Mais, dans l'ensemble, ce n'est pas beaucoup. Il nous manque sérieusement des instances au niveau européen qui peuvent non seulement servir de plateformes de débat - sur les points où un consensus peut être rapidement atteint et sur ceux où une discussion plus approfondie est nécessaire - mais qui ont également la capacité d'influencer les décisions à moyen et long terme.
Les indicateurs, ou ce qu'il faut mesurer
Il existe un débat de longue date sur les indicateurs qui vont au delà du produit intérieur brut. Divers projets, généralement complexes et ambitieux, ont été développés dans ce sens par l’Organisation de coopération et de développement économiques, Joseph Stiglitz, Eloi Laurent, etc.
Il est important de simplifier, de se concentrer sur les liens étroits entre les questions sociales et environnementales. Il s'agit principalement des inégalités sociales, qui reflètent les inégalités climatiques et la transition juste, ainsi que de la diversité et de la participation, qui reflètent le défi de la perte de biodiversité.

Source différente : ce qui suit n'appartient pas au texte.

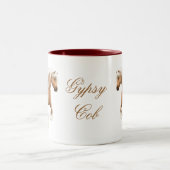 Mok voor Gypsy Cob Horse (Center)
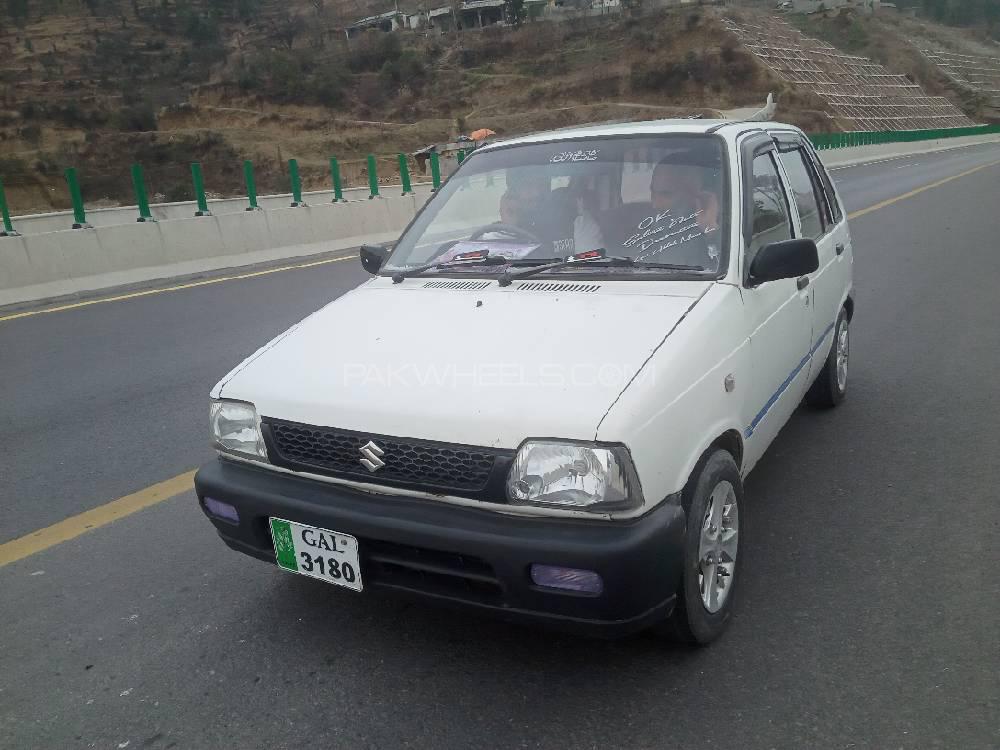 سوزوکی مہران 1999 for Sale in مانسہرہ Image-1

Nous devrions donc avoir deux séries d'indicateurs qui mesureraient la dimension sociale de la transition. Par exemple, sur les inégalités, nous pourrions considérer non seulement les indicateurs classiques - le coefficient Gini, le rapport entre les quintiles de revenus supérieurs et inférieurs et le taux de pauvreté - mais aussi l'inégalité salariale, les salaires moyens (et maximums) des dirigeants, le nombre de travailleurs pauvres, etc. En ce qui concerne la diversité, nous pourrions inclure l'intégration des non-nationaux, des minorités visibles et des réfugiés, la participation des femmes aux conseils d'administration des entreprises, la capacité de l'éducation à promouvoir l'émancipation sociale, la participation des travailleurs, la participation civique et citoyenne, etc.
Il s'agit d'un ensemble limité de questions en rapport avec la question beaucoup plus large du bien-être ou de la définition d'une "bonne vie". Mais elle a l'avantage de pouvoir prendre en compte rapidement les enjeux du travail et de sa qualité dans une même mesure.
Les différentes dimensions des quatre "i" décrites ici méritent d'être explorées plus avant, individuellement et en termes d'interrelations. Il s'agit d'établir un narratif dominant qui encadre les défis ainsi que d'identifier les acteurs appropriés et leurs alliances. De telles alliances devront être créées au sein des institutions pour parvenir à un consensus à long terme mais aussi pour ouvrir des espaces de dialogue permanent. Pour mesurer les progrès, des indicateurs d'inégalités et de diversité pourraient contribuer à marquer la piste à suivre.
Tel est le véritable sens d'un contrat socio-écologique, un contrat que nous devons créer ensemble.